Verifying Stokes’ Thm. $\vec F = \left< -y,x,-2\right>$ where $S$ is the region defined by $z^2 = x^2 + y^2, \space z \in [0,4]$

Question

I want to verify Stokes’ Theorem by evaluating both the left and right side of the following eqn.

$$\int_C \vec F \cdot d\vec r = \int \int_S curl \vec F \cdot d\vec S$$

where $\vec F = \left< -y,x,-2\right>$ and $S$ is the region defined by $z^2 = x^2 + y^2, \space z \in [0,4]$.
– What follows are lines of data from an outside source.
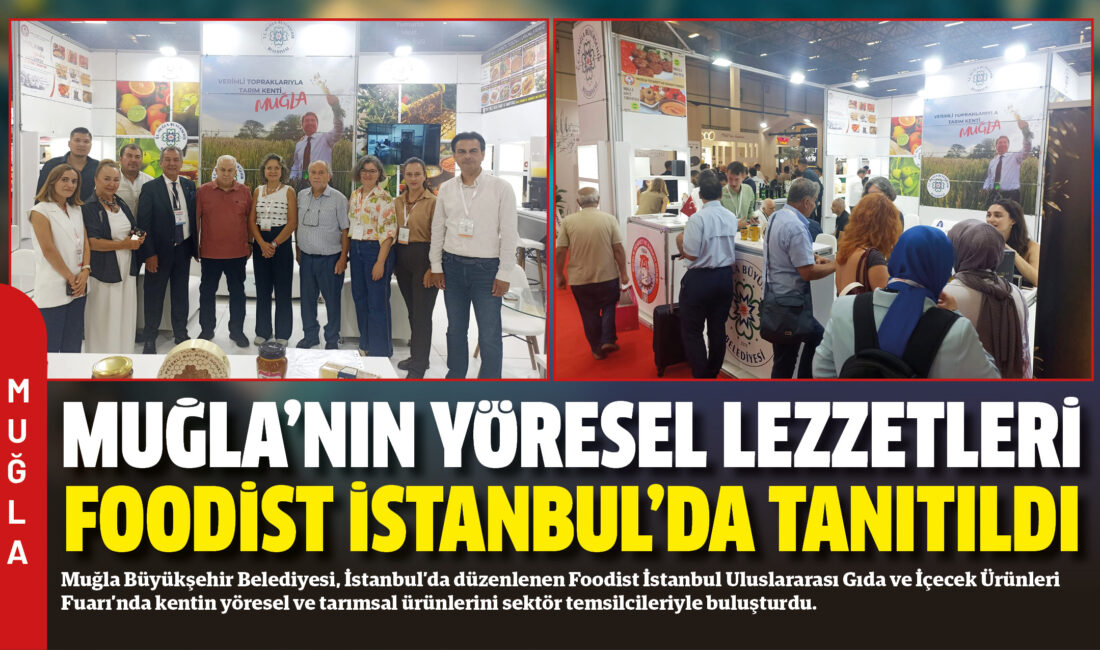 Muğla Büyükşehir Belediyesi, İstanbul’da düzenlenen Foodist İstanbul Uluslararası Gıda ve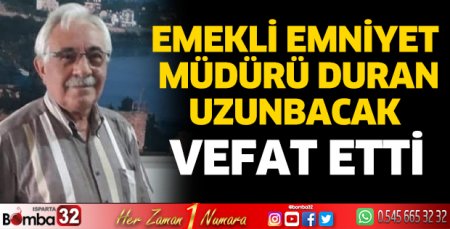 Duran Uzunbacak hayatını kaybetti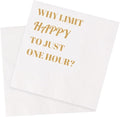 Funny Cocktail Napkins 100Pcs Funny Quotes Saying Disposable Paper Party Napkins 4.5 x 4.5 Two-ply (Why Limit Happy To Just One Hour Napkins)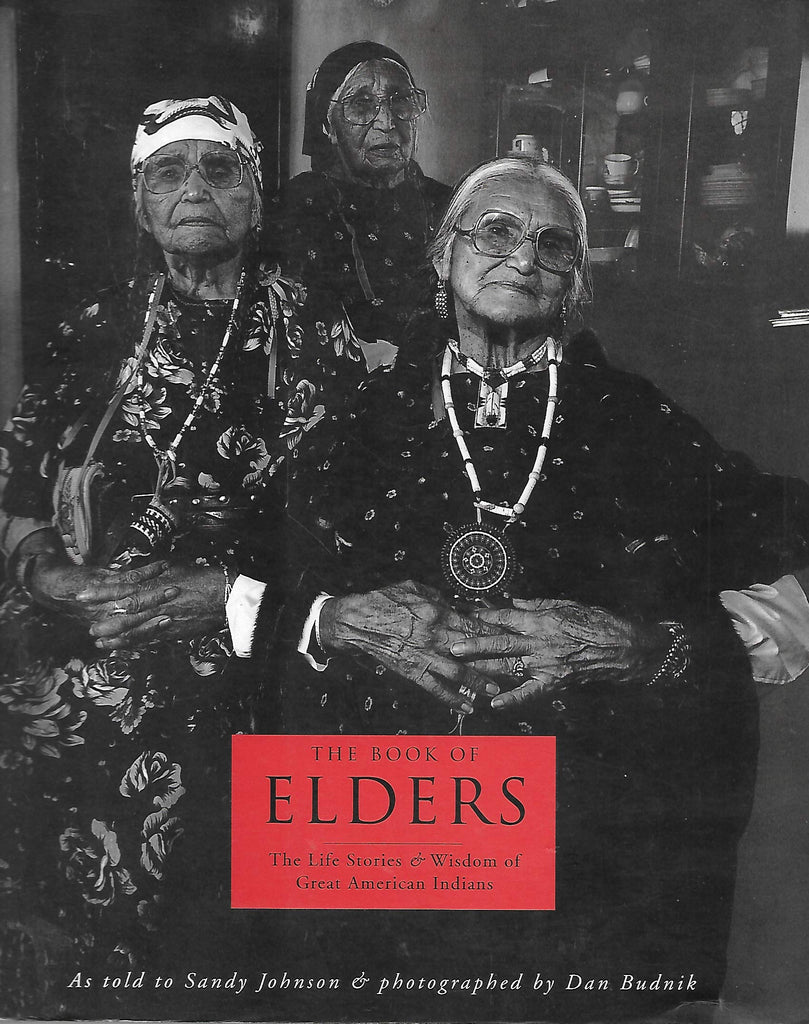 The Book of Elders: The Life Stories of Great American Indians Johnson, Sandy and Budnik, Dan - Wide World Maps & MORE!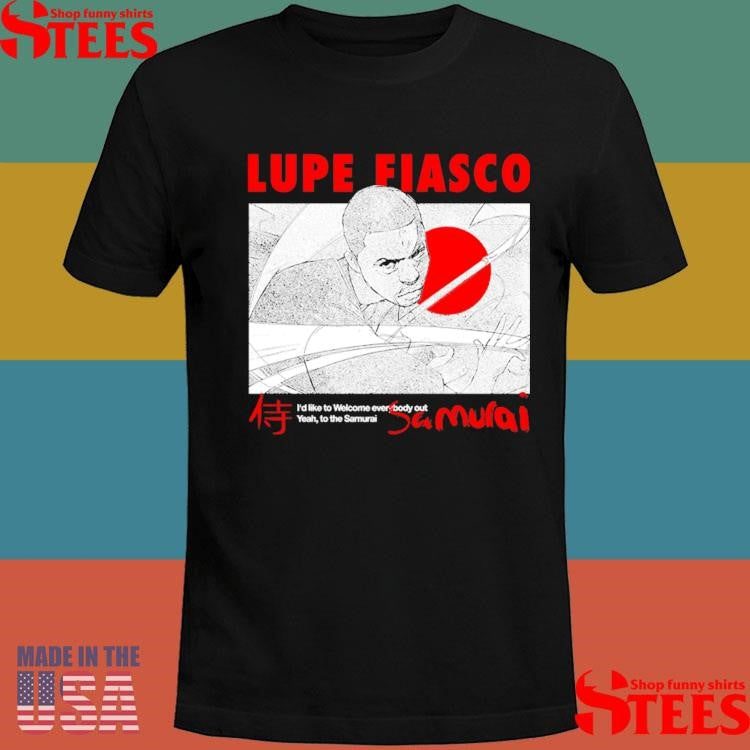 Samurai Album Lupefiasco I’d Like To Welcome Everybody Out Yeah To The Samurai Shirts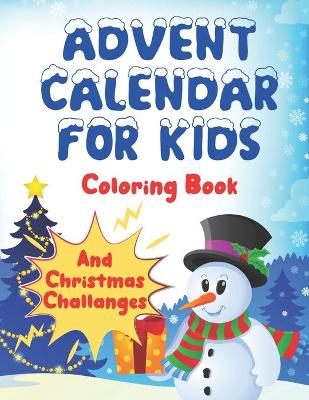 Book cover for Advent Calendar For Kids Coloring Book and Christmas Challanges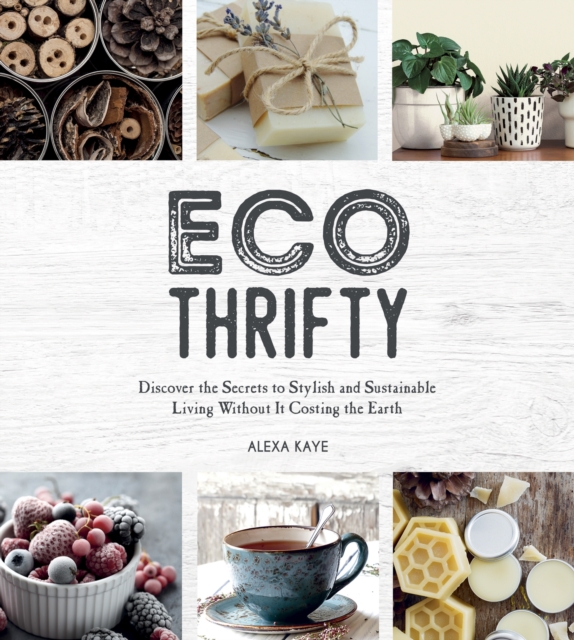 Image for Eco-Thrifty : Discover the Secrets to Stylish and Sustainable Living Without it Costing the Earth, Including Upcycling, Recycling, Budget-Friendly Ideas and More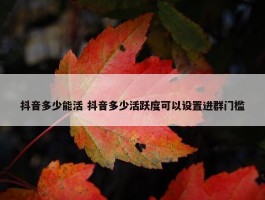 抖音多少能活 抖音多少活跃度可以设置进群门槛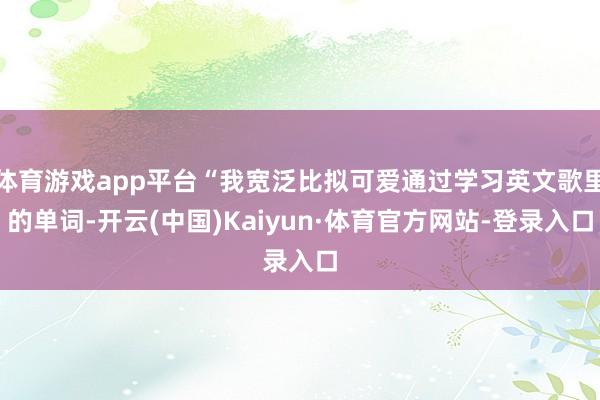 体育游戏app平台“我宽泛比拟可爱通过学习英文歌里的单词-开云(中国)Kaiyun·体育官方网站-登录入口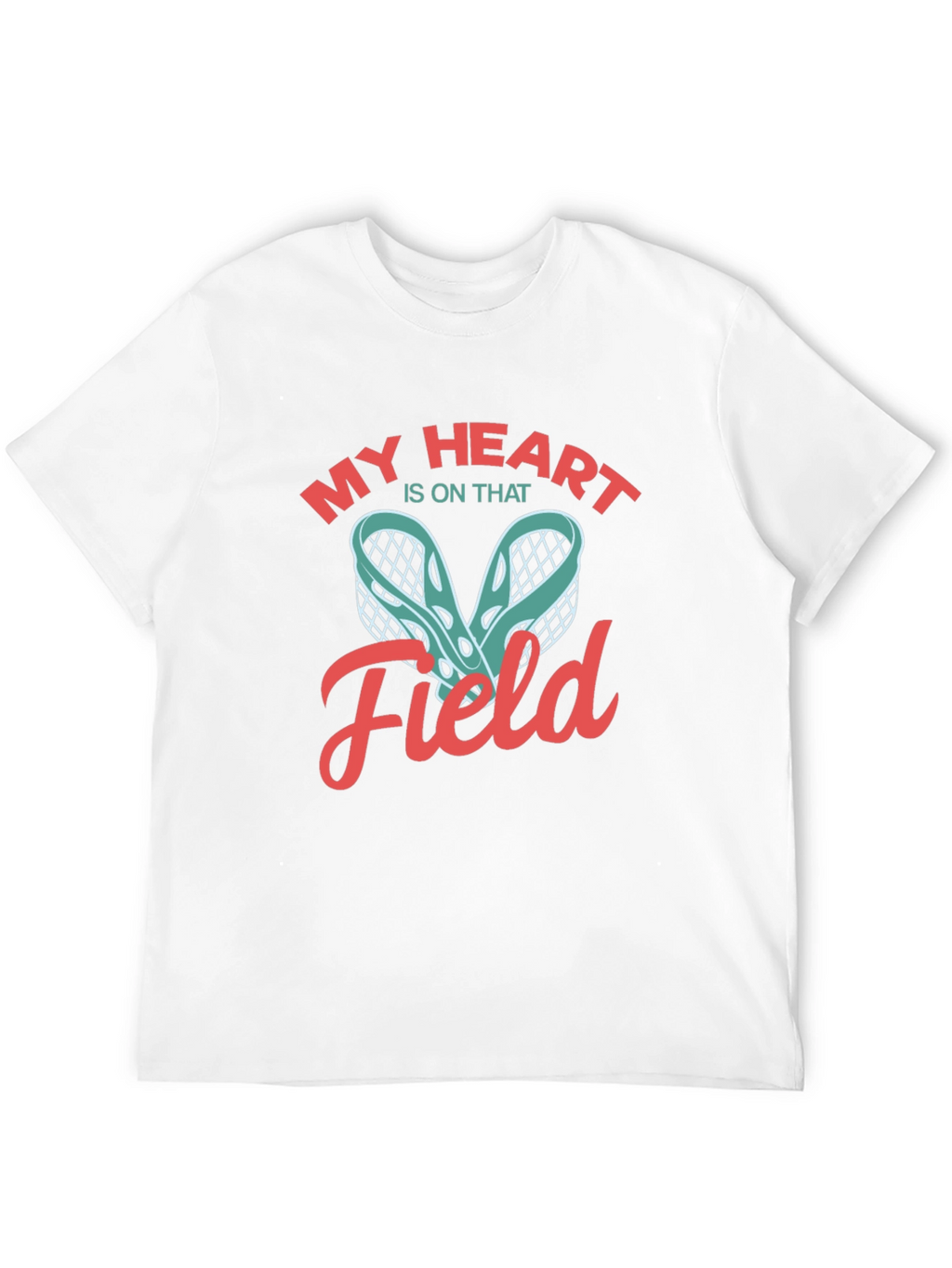 My Heart Is On That Field Lacrosse T-Shirt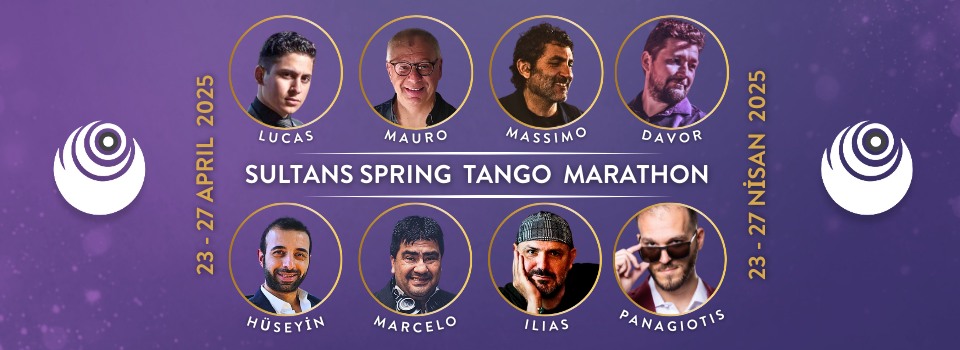 Sultans of Istanbul Spring Tango Marathon 23-27 April 2025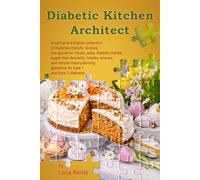 Diabetic Kitchen Architect: A spring and Easter collection of diabetes-friendly recipes, low-glycemic meals, easy diabetic dishes, sugar-free desserts, healthy snacks, and simple meal-planning guidanc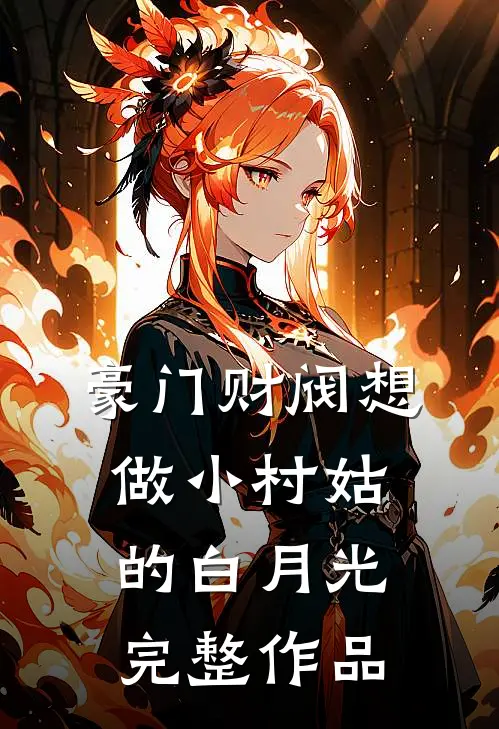 豪门财阀想做小村姑的白月光完整作品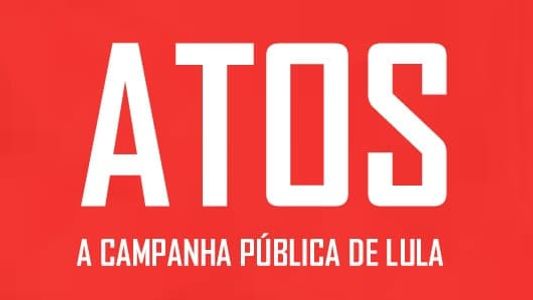 Atos: A campanha pública de Lula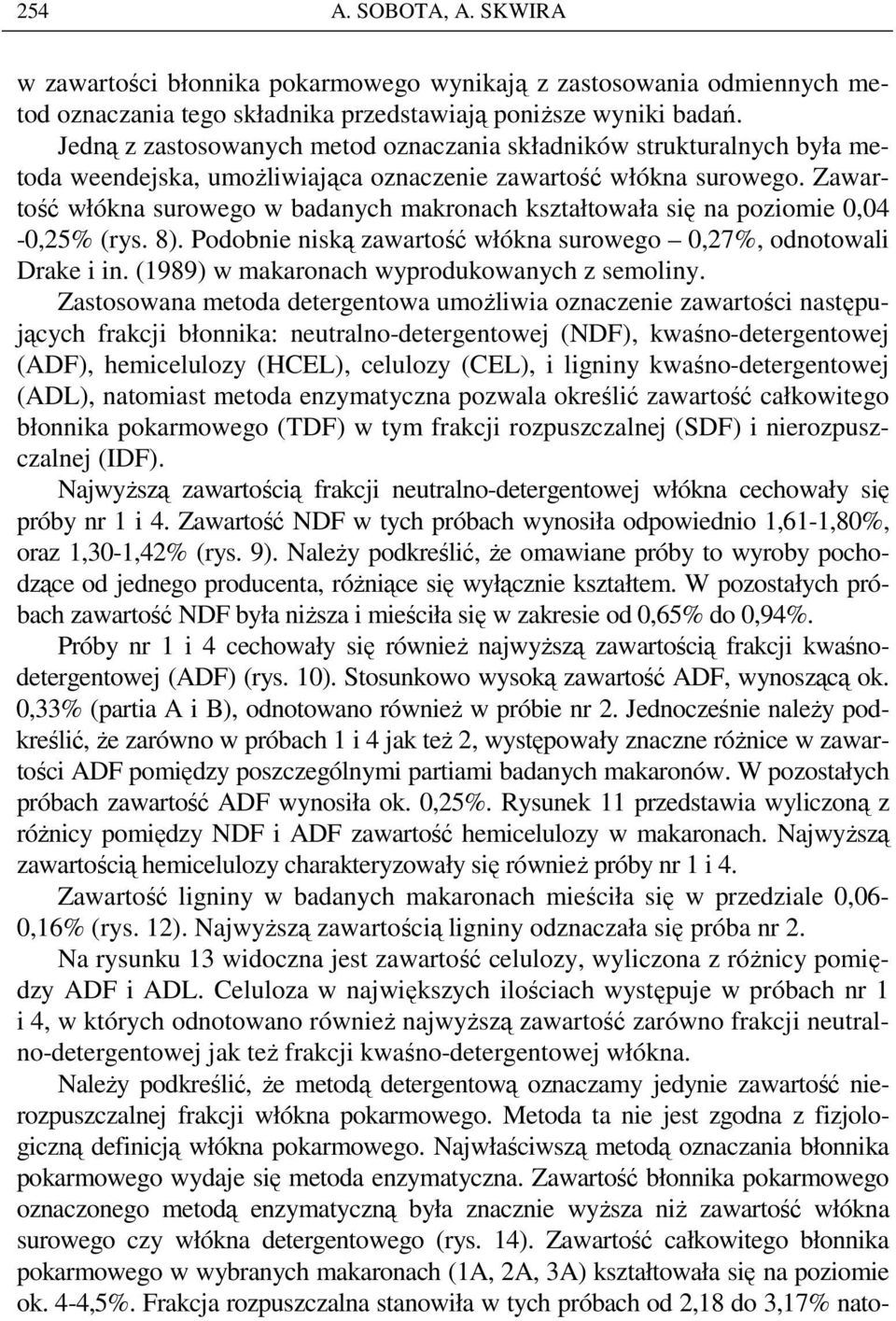 Zawartość włókna surowego w badanych makronach kształtowała się na poziomie,4 -,5% (rys. 8). Podobnie niską zawartość włókna surowego,7%, odnotowali Drake i in.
When I use the parameterization $\vec r = \left< \cos \theta, \sin \theta, z\right>$

I get a normal vector $\vec n = \left< \cos\theta, \sin \theta,0\right>$ and since $curl \vec F = \left<0,0,2 \right>$

$$curlf \vec F \cdot \vec n = 0$$

so the right hand side equals zero.

Here is what I am not sure since it has been a while since I have evaluated line integrals.

I believe that $C$ is the projection of $S$ onto the $xy$-plane, so it will be a circle with radius $16$.

So, the parameterization I choose is $\vec r = \left< 4\cos \theta, 4\sin \theta, 0\right>$

and because $\vec F = \left<-4\sin\theta, 4\cos\theta,-2 \right>$

$$\vec F \cdot \vec r = 0$$

hence the left side is equal to zero.

Can anyone confirm that I did this correctly?

Answer 1

No, both RHS and LHS have mistakes that have led to you getting integrals as zero.

A) For RHS, your parametrization is not correct. The correct parametrization is

$\vec r(\rho,\theta) = (\rho \cos\theta, \rho \sin\theta, \rho)$, as $z = \rho$ from the equation of the cone.

$r'_{\rho} \times r'_{\theta} = (\rho \cos\theta, \rho \sin \theta, - \rho)$

$0 \leq \rho \leq 4, 0 \leq \theta \leq 2\pi$.

Can you now complete the integral?

B) For LHS which is line integral, you should have the $z$ component in your parametrization though it would not matter here.

$\vec r(\theta) = (4\cos\theta, 4\sin\theta, 4)$

Now we are supposed to do $\vec F \cdot \vec {r} \ '$ and not $\vec F \cdot \vec r$. That was the mistake in your working of LHS.

$r'_{\theta} = (- 4 \sin\theta, 4 \cos\theta, 0)$

$0 \leq \theta \leq 2\pi$.

Can you complete the working now?

Last point - the outward normal vector for the given cone surface is pointing downward and that is why we have taken $z$ component negative in the first working. Now align the orientation of the boundary curve to the orientation of the surface in your line integral.